Bunny Churros with Nutella Dipping Sauce
Prep time: 20 minutes
Cooking time: 10 minutes
Makes: 8 Bunnies (2 per serve)
Ingredients:
- 55g caster sugar
- ½ tsp fine sea salt
- 60g unsalted butter
- 260g plain (all-purpose) flour
- High smoke point oil, for deep-frying
To Serve:
- 40 g caster sugar
- 2 tsp ground cinnamon
- 60g Nutella, to serve (15g per serve)
Instructions:
- Combine the 250ml water, sugar, salt and butter in a small saucepan over
medium-high heat. Bring to a boil then remove from the heat. - Add the flour and stir well until it the mixture comes together as a dough.
- Transfer the dough to a fabric piping bag fitted with a medium star tip. Pipe the
dough onto small rectangles of baking paper, shaping a circle for the face with
two smaller ovals attached for the ears. Gently press the ears into the main
shape so they hold together during frying. - Carefully slide the baking paper with the piped churros into the hot oil and, once
submerged, remove the paper so the dough is directly in the oil. - Fry until golden, giving the basket a shake occasionally to prevent the churros
sticking to the bottom. - In a shallow bowl, mix the sugar and cinnamon. Once slightly cooled but still
warm, gently toss the churros in the cinnamon-sugar mixture to coat. - Serve immediately with a little pot of Nutella to dunk
The Magic Is in the Piping
The secret to making these look like actual bunnies (rather than a abstract art installation) is all in how you pipe.
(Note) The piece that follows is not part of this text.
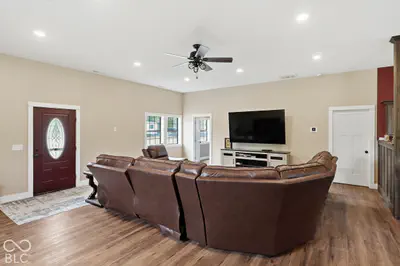 604 5th Street, Burlington - 7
Using a fabric piping bag fitted with a medium star tip, you’ll pipe a circle for the face and two oval ears that attach right to the top.
Press the ears in gently so they hold together when they hit the oil, and you’ve got yourself a bunny. Is it going to win a fine arts prize? No. Is it going to make every person at the table say “oh my GOD, that’s cute” before immediately eating it? Absolutely.
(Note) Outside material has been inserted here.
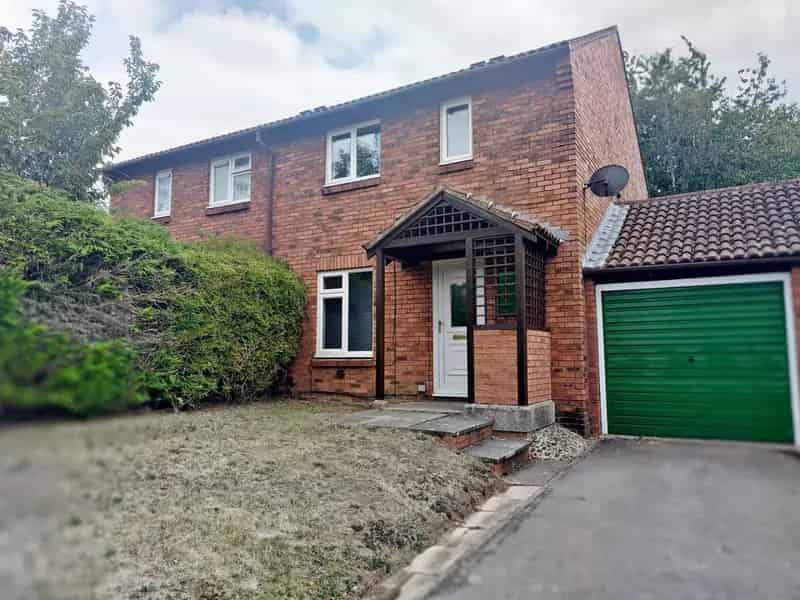 3 bedroom House
 For Sale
The star tip isn’t just for aesthetics either. Those ridges are what give churros their iconic texture, creating more surface area for that cinnamon sugar to do its thing.
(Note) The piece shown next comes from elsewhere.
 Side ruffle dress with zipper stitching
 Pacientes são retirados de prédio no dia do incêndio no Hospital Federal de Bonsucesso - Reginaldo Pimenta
Hot Oil Makes For Happy Churros
A high smoke point oil is your best friend here. Get it hot, then carefully slide each churro in on its little square of baking paper. Once it’s submerged, peel the paper away and let the dough do its thing. Give the basket an occasional shake to stop anything sticking to the bottom, and fry until they’re a deep, glorious gold. The smell alone will have people wandering into the kitchen asking suspicious questions.
Once they’re out and just slightly cooled, and this part is important, don’t wait too long! Toss them in the cinnamon sugar mixture. You want them warm enough that the sugar sticks in every nook and cranny, coating each little bunny in a sweet, spiced crust that practically crackles when you bite in.
Serve Immediately (They Will Not Last)
And here’s the thing about churros: they are a right now food. Not a make-ahead food, not a “I’ll just leave these on the counter” food. Pull them from the oil, sugar them up, set out your little pots of Nutella, and call everyone over.
The dipping is non-negotiable.
Something about dunking a warm, cinnamon-sugared bunny ear into silky Nutella hits different — it’s the kind of combination that makes people go quiet for a moment, which in a room full of family at Easter, is genuinely impressive.
This recipe makes eight bunnies (two per serve) which is adorable in theory and wildly optimistic in practice. Budget for people going back for thirds. Consider doubling the batch. You’ve been warned.

The Bottom Line
Bunny Churros are fun, fast, festive, and frankly a little bit sassy for a holiday that usually leans hard into foil-wrapped chocolate and hot cross buns. They’re the recipe that earns you the title of “the one who brought the churros” — and at Easter, that’s a crown worth wearing. So heat up that oil, load up your piping bag, and get ready to make the most delicious little bunnies that have ever met their fate in a pot of cinnamon sugar.